WP organising secretary Yaw Shin Leong wrote on his blog: 'Unlike their paid counterparts, James Gomez and Tan Wui-Hua...have been working hard in Sweden and Dubai respectively.
'Both James and Wui-Hua are doing what is right - by bringing bread and butter first and foremost to their families.'
Ms Sylvia Lim says that it is the reality of an increasingly globalised world that many young people go overseas to earn a living. 'It would not be fair for us to stop people taking overseas stints, as each of us needs to earn a living and has to answer to the stakeholders in our lives,' she adds.
'What is important is that the party presence is maintained and potential candidates put in their fair share.'
Dr Terence Chong of the Institute of Southeast Asian Studies says it is a 'thankless task' being in the opposition in Singapore.
'You have to worry about social stigma, your employers especially if you work in a GLC (government-linked company), and an uneven playing field.

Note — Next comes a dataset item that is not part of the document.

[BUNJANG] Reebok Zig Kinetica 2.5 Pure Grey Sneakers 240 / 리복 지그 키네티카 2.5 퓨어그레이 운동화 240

If you're a new PAP candidate, on the other hand, you're virtually guaranteed of a place in Parliament if you're in a GRC,' he says.
'Comparing PAP MPs and opposition candidates is like comparing apples and oranges.'
Aljunied GRC resident Mato Kotwani, 20, is not too perturbed that some of the WP candidates are not around.

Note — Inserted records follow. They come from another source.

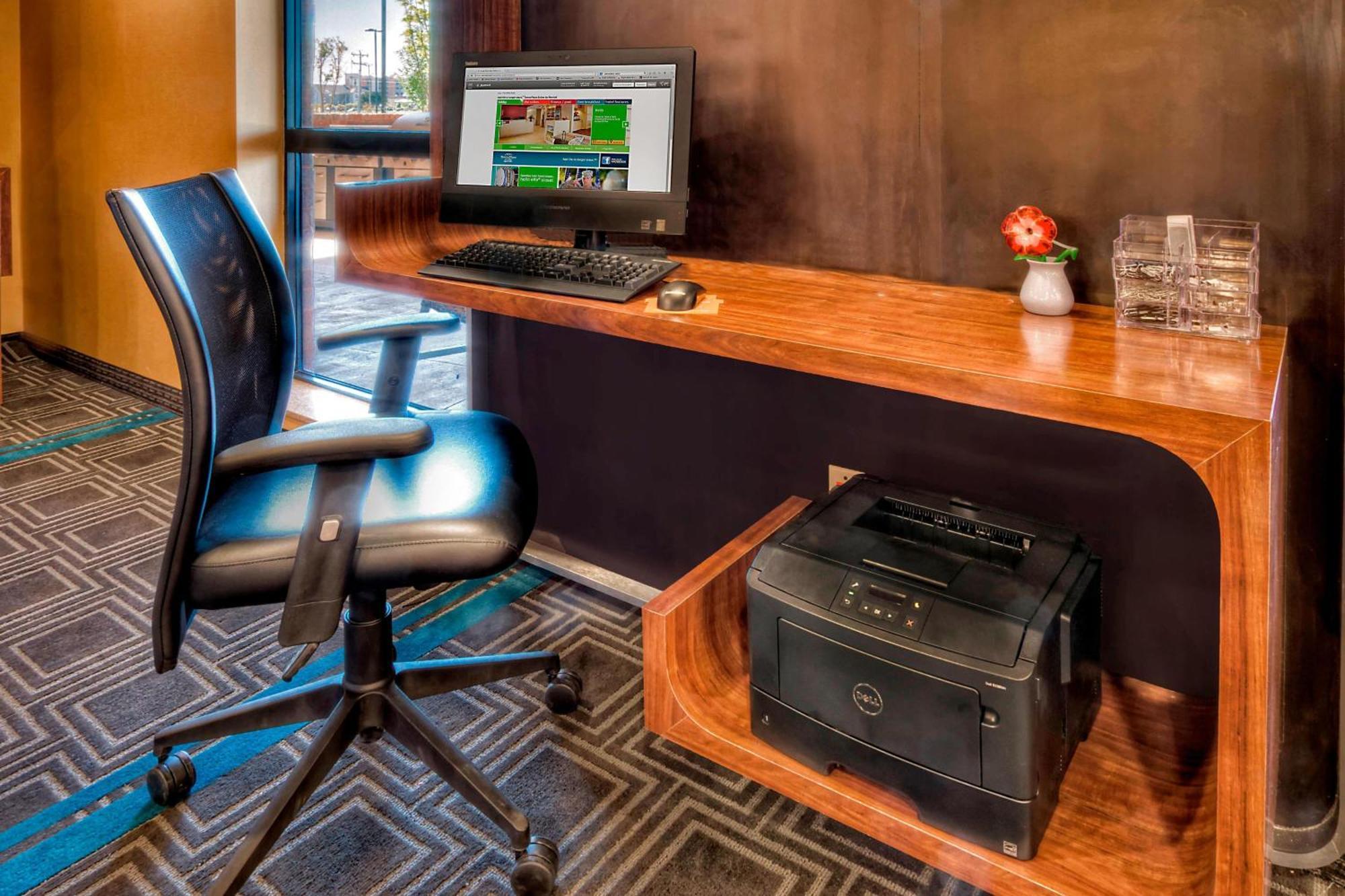 Towneplace Suites Oklahoma City Airport Экстерьер фото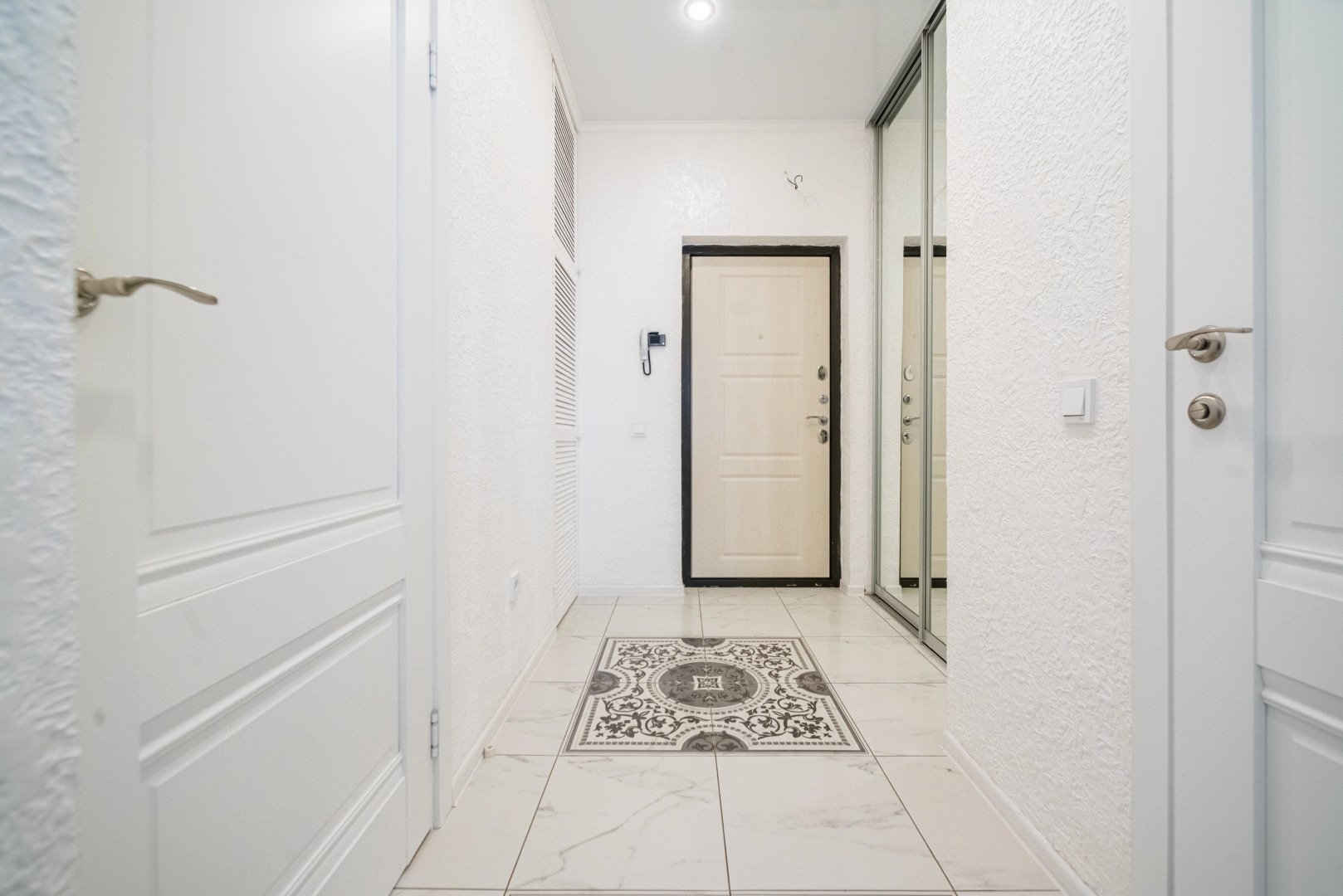 Квартира 1 Райдас на Чапаева 61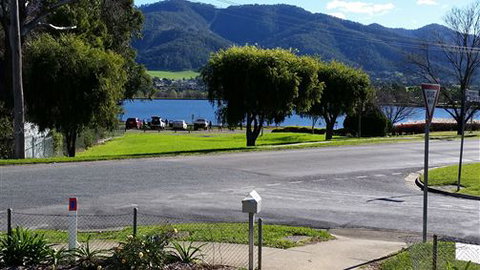 Lakeside Vista Holiday House - Accommodation ACT 7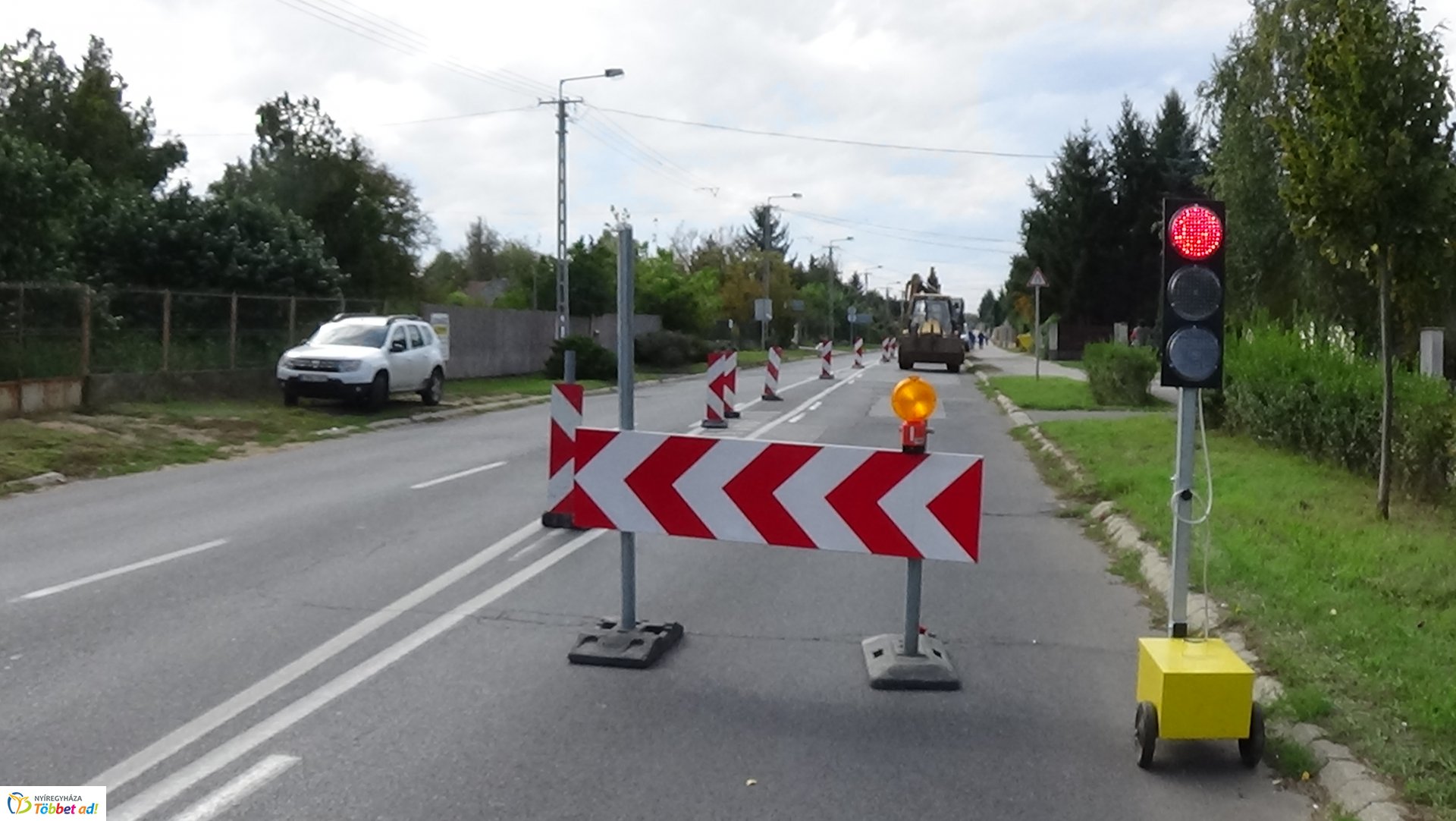 Jelzőlámpa irányítja a forgalmat a Korányi Frigyes utcán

'If they just gave up and left, it's not very responsible. But if they left to get on with their lives, I don't have an issue if they still want to come back and fight at the next election,' says the student.
'Even if they were in Singapore they wouldn't be able to do very much for the estate because they are not even MPs.'
Indeed, voters take it almost as a given that the opposition is not likely to maintain the same level of presence as the ruling party in the years between elections. How else does one account for the opposition's ability to attract votes even when members have hardly shown up before the polls?
But the value of working the ground should not be discounted at all, say observers. Visibility is important, they say.
Another reason candidates and their parties lie low also appears to be for self-preservation purposes, to avoid the ruling party unleashing its entire force on the opposition members, thoroughly discrediting a candidate well ahead of the polls.
In short, they have learnt the Chee Soon Juan lesson too well. The Singapore Democratic Party chief's high-profile sparrings with the Government saw him thoroughly demolished ahead of the General Election in 1997.